Reducing Pump and Motor Failures
Reducing Pump and Motor Failures
Find out how we helped a plastic-bag recycler save more than $150,000 a year by adding bidirectional filtration to protect pumps and motors.
A company shredding discarded grocery bags and other plastic films to produce recycled products began to experience frequent hydraulic motor- and charge-pump failures on the closed-loop hydraulic system driving a bag shredder.
This led to microscopic slivers of the plastic generated by the process finding their way into the fluid, causing pump or motor failures, which in turn created a large cloud of debris particles in the hydraulic fluid. Those particles traveled from one component to the next, repeating the sequence of failure and increasing fluid contamination and creating a catastrophic climate throughout the system.
The company told us this chain of events generally occurred twice a year, costing them approximately $110k in repairs, in addition to downtime and maintenance hours. They needed a solution to reduce the frequency of these catastrophic failures, and increase profitability and plant efficiency.

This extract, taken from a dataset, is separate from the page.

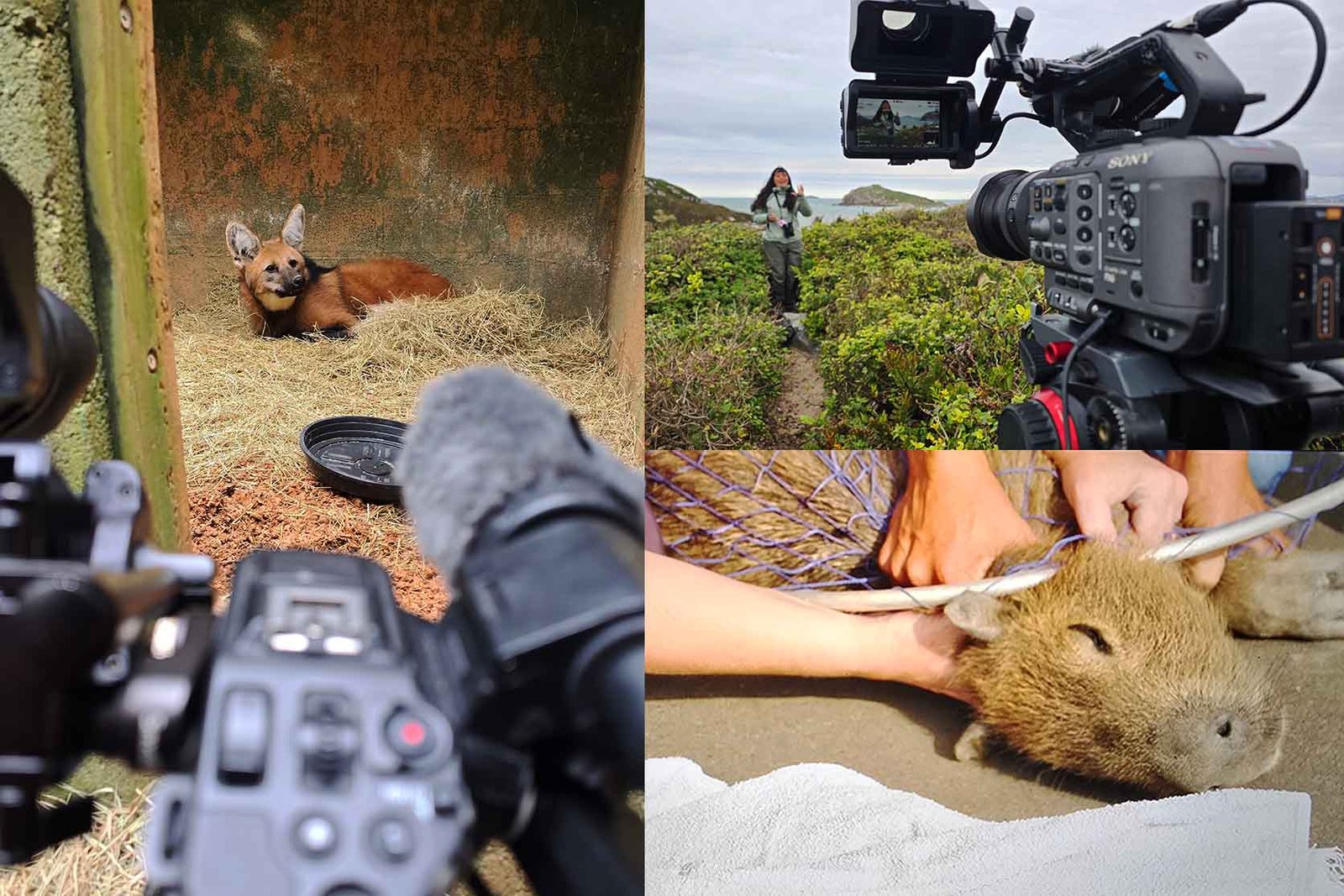 conservation & research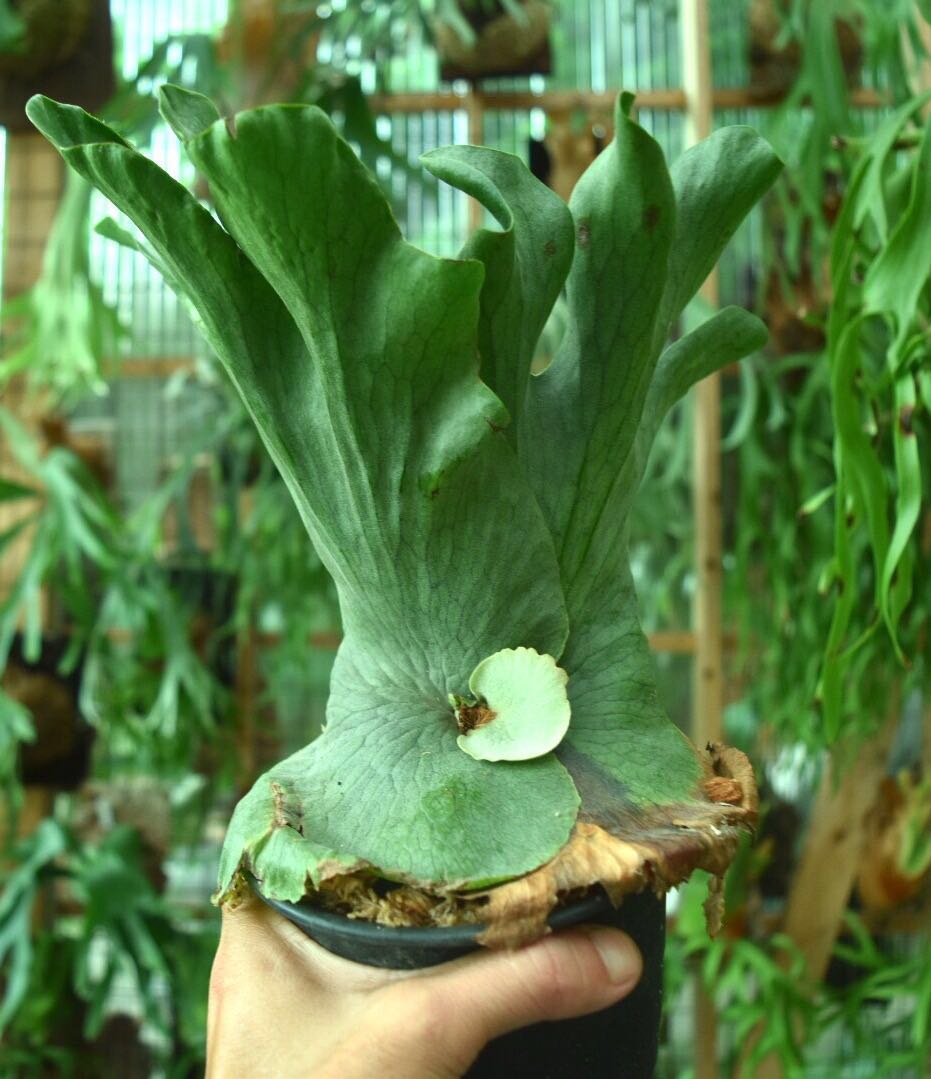 P Wandae ワンダエ ビカクシダ コウモリラン ビカクシダ コウモリラン 売買されたオークション情報 Yahooの商品情報をアーカイブ公開 オークファン Aucfan Com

Bennett sales engineer arrived to assess the situation, and noted a lack of filtration between the pump and motors, and inefficient filter elements being implemented in existing housings. Even more troublesome, they determined that due to the need to reverse the flow direction within the system, standard unidirectional filtration would not be sufficient to protect components from the ingested plastic.
We updated all elements to Hy-Pro DFE Rated G8 Dualglass filter elements and installed PFHB bi-directional flow filter housings on each hydraulic line leading to and from the pump to isolate each component in case of a failure. With bidirectional filtration on both sides of the motors, a filter would capture all contamination traveling to and from the motor, preventing failures.
These steps have reduced system failures by more than 50%. In once case, the debris cloud dumped into the hydraulic fluid during a pump failure was isolated by the filter elements inside the new PFHB filter assemblies. In all, our team saved the company over $60k compared to previous incidents where the motors would have been destroyed as well.